I was thinking about 3D printing a set of stenotype keys for my mechanical keyboard, then this idea sparked.
What it does
It's a true stenotype for programmers. You can press down several keys at a time (up to the hardware limit of your keyboard) to activate a macro. For example, pressing down IMP at the same time outputs "import". You can also record macros on the go, just use the REC key and chord down your desired combination. It comes handy when you are typing fast, because the order of holding down the keys does not matter.
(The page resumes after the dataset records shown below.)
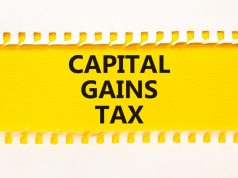 Report and pay Capital Gains Tax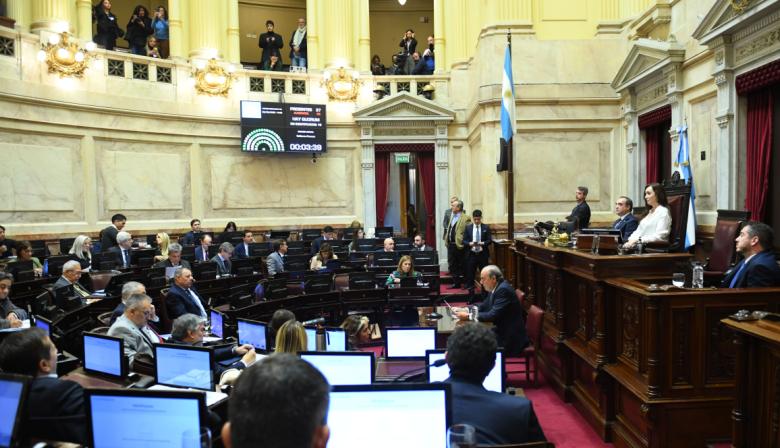 El Senado frenó el decreto del presidente Milei y el INTA vuelve a fojas cero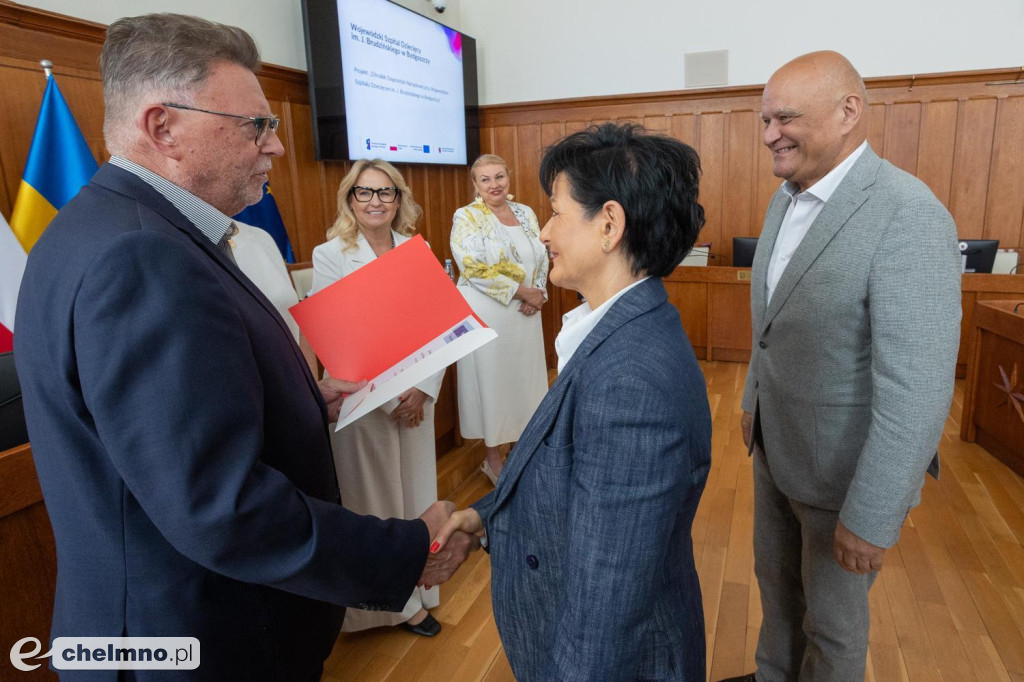 Umowy FEdKP za 100 mln złotych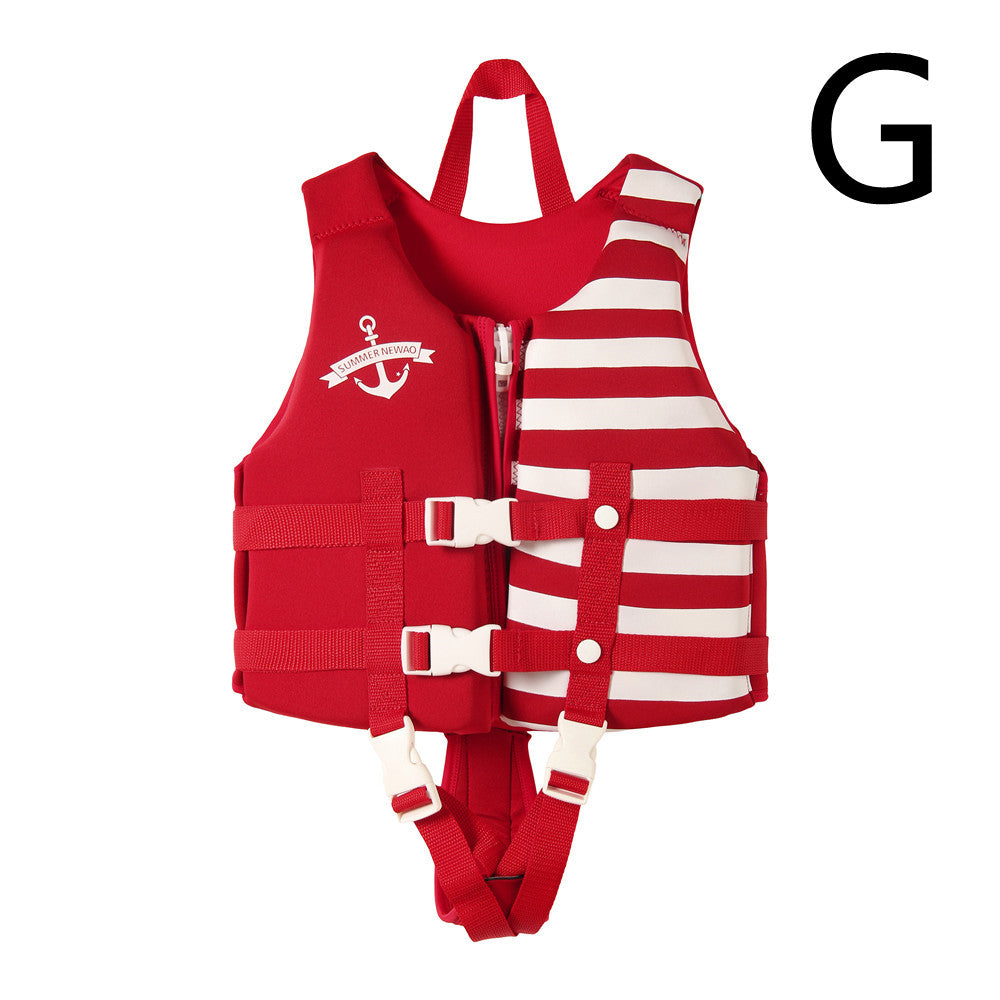 Children's Life Jacket Buoyancy Vest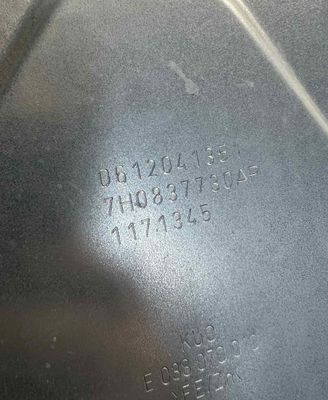 Window Regulator mechanism front right VW TRANSPORTER T5 / MULTIVAN (7H, 7E, 7J) (2003-2015)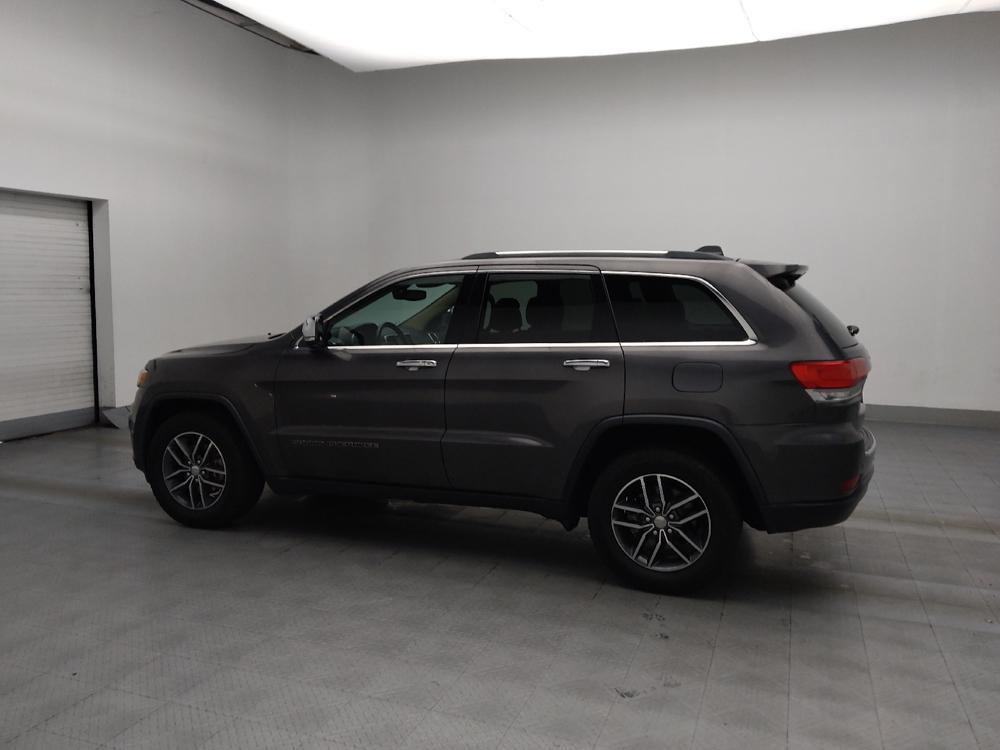 used 2018 Jeep Grand Cherokee car, priced at $16,895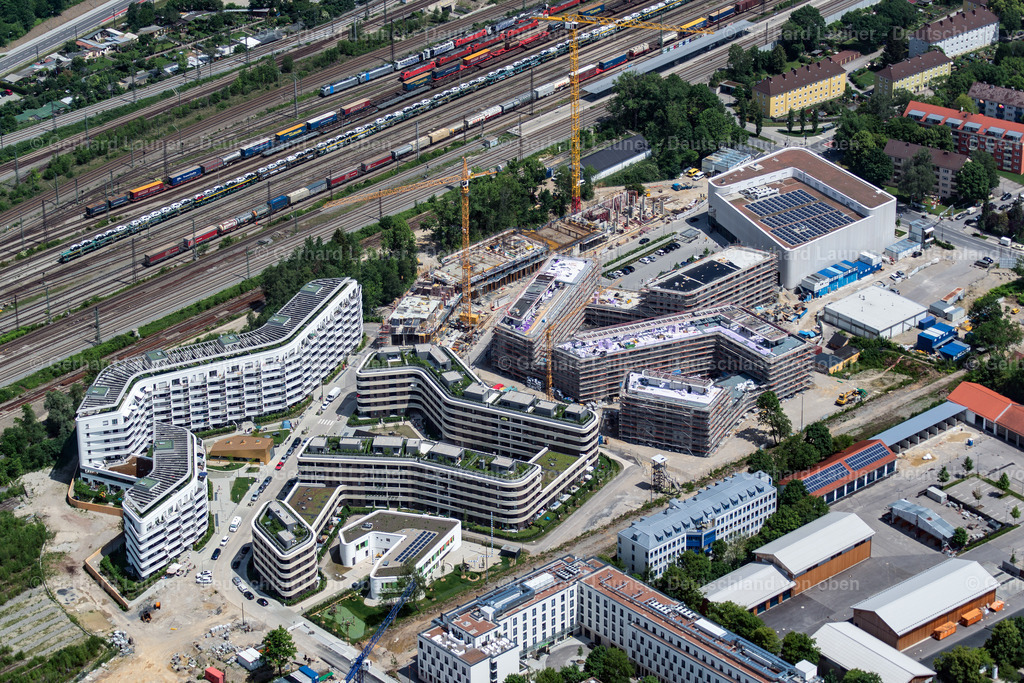 3804183 | Wohn- und Bürogebäude Herrmann Weinhauserstrasse , München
Given the concurrence of multiple keystrokes (restricted by your keyboard hardware), you can have infinite combinations of macros on your hand!
How I built it
My computer went weird through the hackathon, leaving me not much time to build this thing. I thought through it for a few hours, and started coding right away. Finished it in less than 2 hours.
Challenges I ran into
Accomplishments that I'm proud of
This project, if successfully implemented in more prominent tools for everyday use, will be the first and only utilization of N-key rollover pattern of the keyboard in the realm of typing, beside Plover, a steno tool that uses Gregg Shorthand, which does not have a great popularity and behaves weirdly in codes.
What I learned
Minor details and caveats in JS that I did not notice in previous experience.
What's next for Tacticode
It is going to be an important part of a crazy IDE project I've be planning for years. It's an IDE not like any other, and more ambitious features like this one will appear. More details to come!